The top five ampingest surf songs of all time.
The top five ampingest surf songs of all time.


Okay, here goes: the top five ampingest surf songs of all time. For context, new comers and Alzheimer’s sufferers we are in an overloaded van, speeding up the coast, 15 songs through the ultimate playlist, approaching our destination. Excitement levels are already pinging through the roof. We need to prolong the amp without over-stimulating it. It’s a knife edge, people.

5. You Think I Ain’t Worth A Dollar But I feel like a Millionaire – QOTSA. You might remember the nonsensical but none the less compelling chorus: “Gimme toro.
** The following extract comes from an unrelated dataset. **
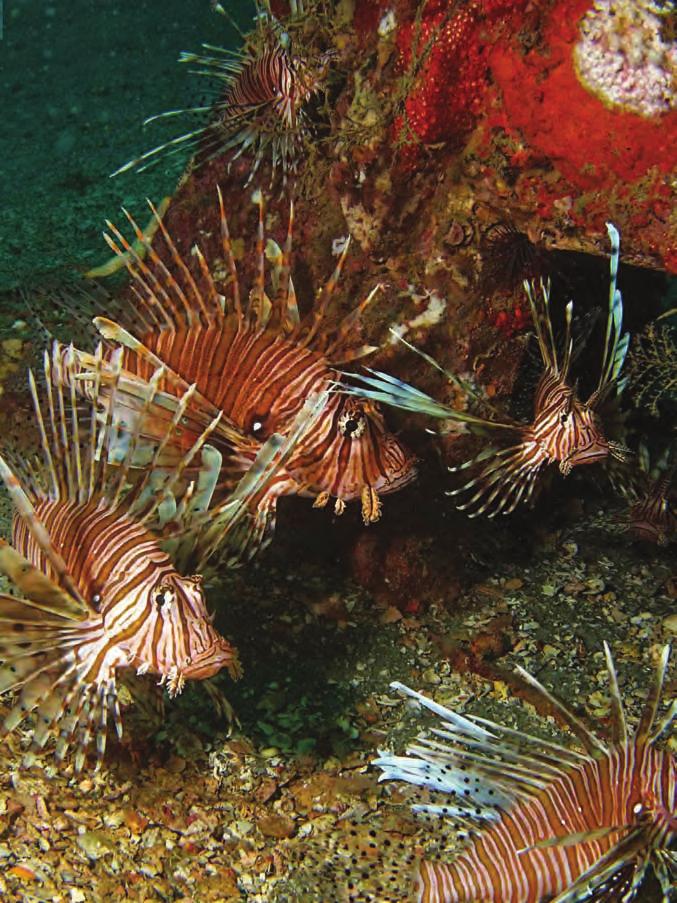 At that time, Lionfish were considered beautiful, tough, and entertaining too! Releasing a feeder goldfish into a tank with a resident Lionfish virtually guaranteed that the hunt was on.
Gimme some more.” At a later date you will want to impress friends with your knowledge of this riff-heavy master jam. For now though head butt the dash and howl.

4.   Frantic –Metallica. Metallica is a cage fighter of a band swinging bare-fisted aural punches. They want you dazed and beaten so they can bite off your ear and feed it to their Dobermans. Matt Gye used this track to batter and subdue viewers in his film A Day In the Life. It works even better played in a moving vehicle with a large serve of Red Bull and non-specific angst.
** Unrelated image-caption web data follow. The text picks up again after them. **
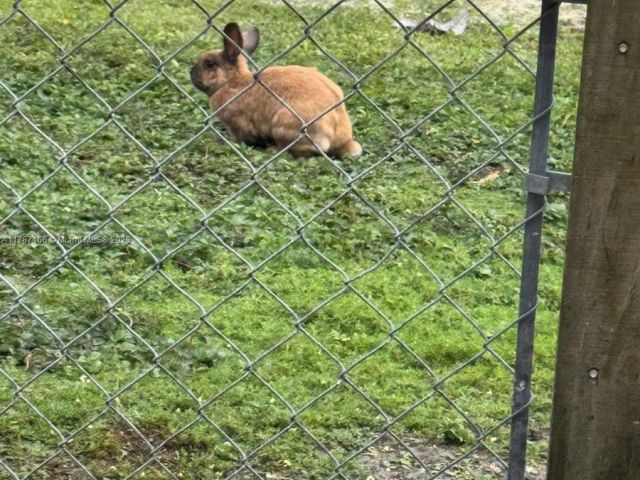 Продажа дома по адресу 12355 NW 7th Ln - фото 5886412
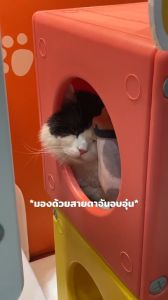 Hosttail อุโมงค์แมว คอนโดแมว สไตล์เกาหลี มินิมอล บ้านแมวพลาสติก Cat Box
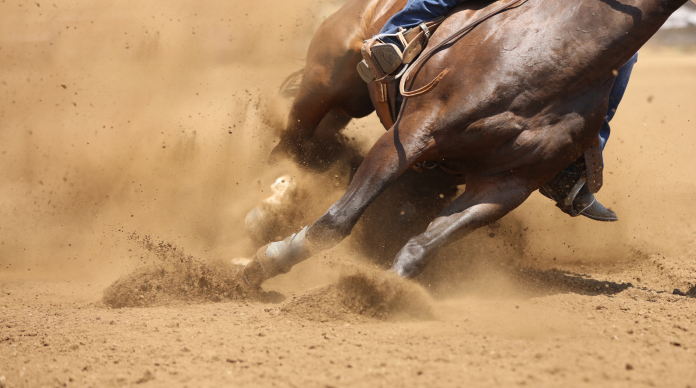 Quarter horse driving hard through the dirt in a fast rollback during a performance run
3.  Gimme Some Lovin’ – Gangajang. Back when the earth was still young there was a VHS tape called Mad Wax. It rode high on the stack of three or four surf movies most surfers considered themselves lucky to have accumulated. For fans Gimme Some Lovin’ transports them – a bit like acid or a block of Wizes magic wax – to Summercloud Bay and they become Ross Clarke-Jones (if natural stanced) or Tom Carroll (goofy). Best not to interrupt them when they dream these crazy dreams.

2. Search and Destroy – Iggy and the Stooges. Iggy wrote the book on road trips. You’ve got to come at them like you’re “a street-walking cheetah with a head full of napalm”. You don’t have to know what that means as long as you’re carried along by the general drift. A thousand surf punk bands took their inspiration from the Stooges. Few bettered them.
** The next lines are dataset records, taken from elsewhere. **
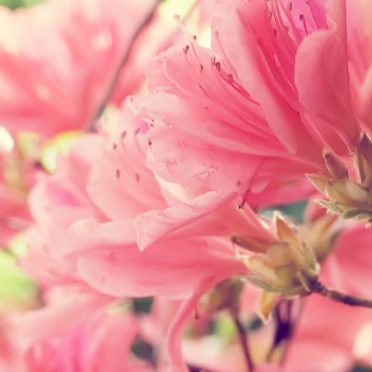 bunga merah muda alami iPhone6s / iPhone6 Wallpaper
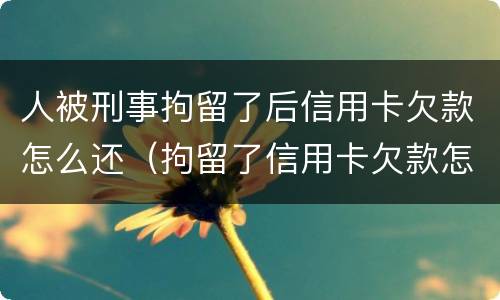 人被刑事拘留了后信用卡欠款怎么还（拘留了信用卡欠款怎么办）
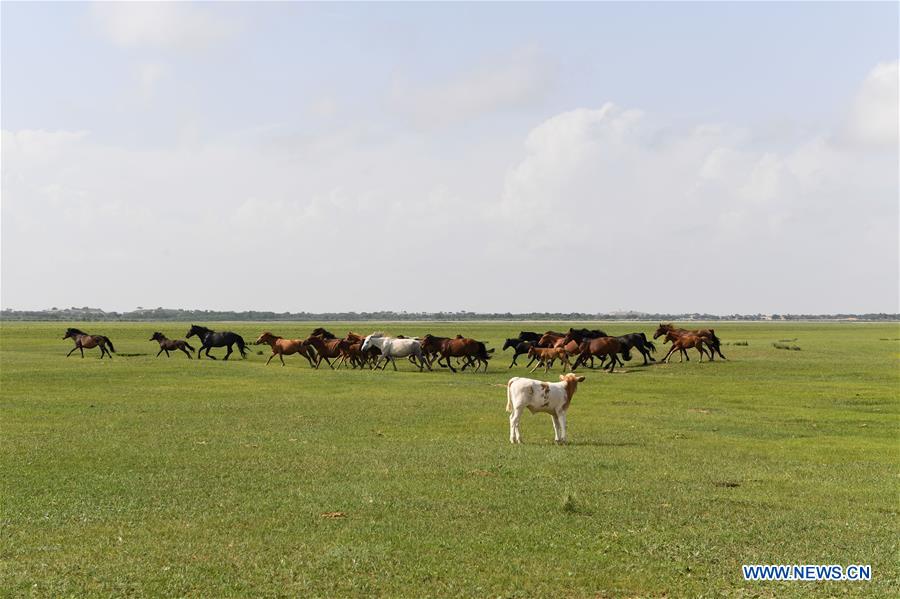 CHINA-INNER MONGOLIA-XILINGOL-GRASSLAND (CN)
1. The Good, Bad and the Ugly theme song – Ennino Morricone. It is a mistake to hit an unfamiliar car park frothing to amping surf punk. You want to be channelling Clint Eastwood circa 1966: confident but aware. There are waves to be had and you mean to get some. If that means a shoot out than that means a shoot out. Ennino Morricone’s stirring spaghetti western score complete with coyote howls will set the scene. You alight from your vehicle, spit from the corner of your mouth and walk slowly towards the ocean tipping your hat at ladies and nodding at the men. A bit of mutual respect and no one has to die. You have arrived.